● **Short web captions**
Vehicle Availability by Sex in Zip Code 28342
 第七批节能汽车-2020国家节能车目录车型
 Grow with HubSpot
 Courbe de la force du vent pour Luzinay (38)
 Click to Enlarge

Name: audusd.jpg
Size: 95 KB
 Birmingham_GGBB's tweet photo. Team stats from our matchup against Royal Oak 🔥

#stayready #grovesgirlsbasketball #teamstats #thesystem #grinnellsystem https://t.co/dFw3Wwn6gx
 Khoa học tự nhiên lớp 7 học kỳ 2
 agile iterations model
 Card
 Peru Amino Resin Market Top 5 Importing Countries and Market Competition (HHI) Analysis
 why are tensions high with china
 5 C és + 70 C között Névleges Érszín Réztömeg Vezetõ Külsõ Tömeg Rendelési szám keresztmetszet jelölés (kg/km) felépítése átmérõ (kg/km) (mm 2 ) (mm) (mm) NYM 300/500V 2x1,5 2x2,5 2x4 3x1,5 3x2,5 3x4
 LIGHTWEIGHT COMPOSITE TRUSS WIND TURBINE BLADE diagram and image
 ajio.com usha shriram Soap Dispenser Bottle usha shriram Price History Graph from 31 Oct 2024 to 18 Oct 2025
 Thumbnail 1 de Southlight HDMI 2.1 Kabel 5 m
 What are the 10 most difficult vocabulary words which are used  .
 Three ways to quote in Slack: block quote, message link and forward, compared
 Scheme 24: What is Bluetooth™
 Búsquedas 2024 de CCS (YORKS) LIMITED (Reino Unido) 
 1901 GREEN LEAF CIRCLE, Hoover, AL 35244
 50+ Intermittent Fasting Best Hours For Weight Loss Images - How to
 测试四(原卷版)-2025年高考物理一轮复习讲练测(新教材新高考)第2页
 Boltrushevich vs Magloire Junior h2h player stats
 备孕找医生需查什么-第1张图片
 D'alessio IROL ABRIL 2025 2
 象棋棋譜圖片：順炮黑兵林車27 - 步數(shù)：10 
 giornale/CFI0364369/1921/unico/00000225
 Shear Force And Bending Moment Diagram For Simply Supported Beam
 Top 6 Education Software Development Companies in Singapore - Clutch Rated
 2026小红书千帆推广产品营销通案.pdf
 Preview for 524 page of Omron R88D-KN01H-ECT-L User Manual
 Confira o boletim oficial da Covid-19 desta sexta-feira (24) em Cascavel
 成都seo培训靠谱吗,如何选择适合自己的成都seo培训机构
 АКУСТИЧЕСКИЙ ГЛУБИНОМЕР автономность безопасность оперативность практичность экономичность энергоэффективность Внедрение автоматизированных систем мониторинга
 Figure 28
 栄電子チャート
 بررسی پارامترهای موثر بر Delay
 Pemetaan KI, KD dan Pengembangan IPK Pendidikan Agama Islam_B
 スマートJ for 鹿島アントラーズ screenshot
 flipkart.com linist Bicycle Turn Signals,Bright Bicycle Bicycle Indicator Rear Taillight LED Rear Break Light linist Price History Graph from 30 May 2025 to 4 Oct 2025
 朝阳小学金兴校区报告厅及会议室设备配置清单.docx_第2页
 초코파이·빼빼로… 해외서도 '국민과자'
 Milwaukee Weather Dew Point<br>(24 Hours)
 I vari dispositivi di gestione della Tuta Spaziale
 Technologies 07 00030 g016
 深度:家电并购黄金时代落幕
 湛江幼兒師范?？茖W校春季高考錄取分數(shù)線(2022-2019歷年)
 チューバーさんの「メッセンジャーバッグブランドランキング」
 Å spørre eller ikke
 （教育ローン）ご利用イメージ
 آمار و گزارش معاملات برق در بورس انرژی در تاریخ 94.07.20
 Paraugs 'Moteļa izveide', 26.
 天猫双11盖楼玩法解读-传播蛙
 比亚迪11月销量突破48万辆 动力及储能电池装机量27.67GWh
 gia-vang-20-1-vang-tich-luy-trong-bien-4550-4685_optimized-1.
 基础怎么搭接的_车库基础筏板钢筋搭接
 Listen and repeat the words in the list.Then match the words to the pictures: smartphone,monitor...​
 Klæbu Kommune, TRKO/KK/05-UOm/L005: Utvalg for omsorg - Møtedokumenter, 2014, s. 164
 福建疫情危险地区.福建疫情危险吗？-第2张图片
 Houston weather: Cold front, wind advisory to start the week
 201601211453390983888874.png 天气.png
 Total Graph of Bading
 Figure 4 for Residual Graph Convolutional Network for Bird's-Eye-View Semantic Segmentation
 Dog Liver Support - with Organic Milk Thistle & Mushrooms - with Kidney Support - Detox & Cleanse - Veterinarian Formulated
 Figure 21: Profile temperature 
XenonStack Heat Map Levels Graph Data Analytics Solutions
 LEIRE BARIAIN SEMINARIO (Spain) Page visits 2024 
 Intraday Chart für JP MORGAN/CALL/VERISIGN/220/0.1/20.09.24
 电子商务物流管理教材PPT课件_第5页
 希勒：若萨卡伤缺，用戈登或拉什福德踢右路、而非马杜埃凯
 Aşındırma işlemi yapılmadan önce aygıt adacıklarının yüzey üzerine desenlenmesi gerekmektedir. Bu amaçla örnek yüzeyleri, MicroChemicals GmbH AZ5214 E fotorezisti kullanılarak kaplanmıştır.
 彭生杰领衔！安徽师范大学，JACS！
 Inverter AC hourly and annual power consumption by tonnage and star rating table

● **Requirement**
Tally the lines above containing "Price". Number only.

● **Result for this task**
2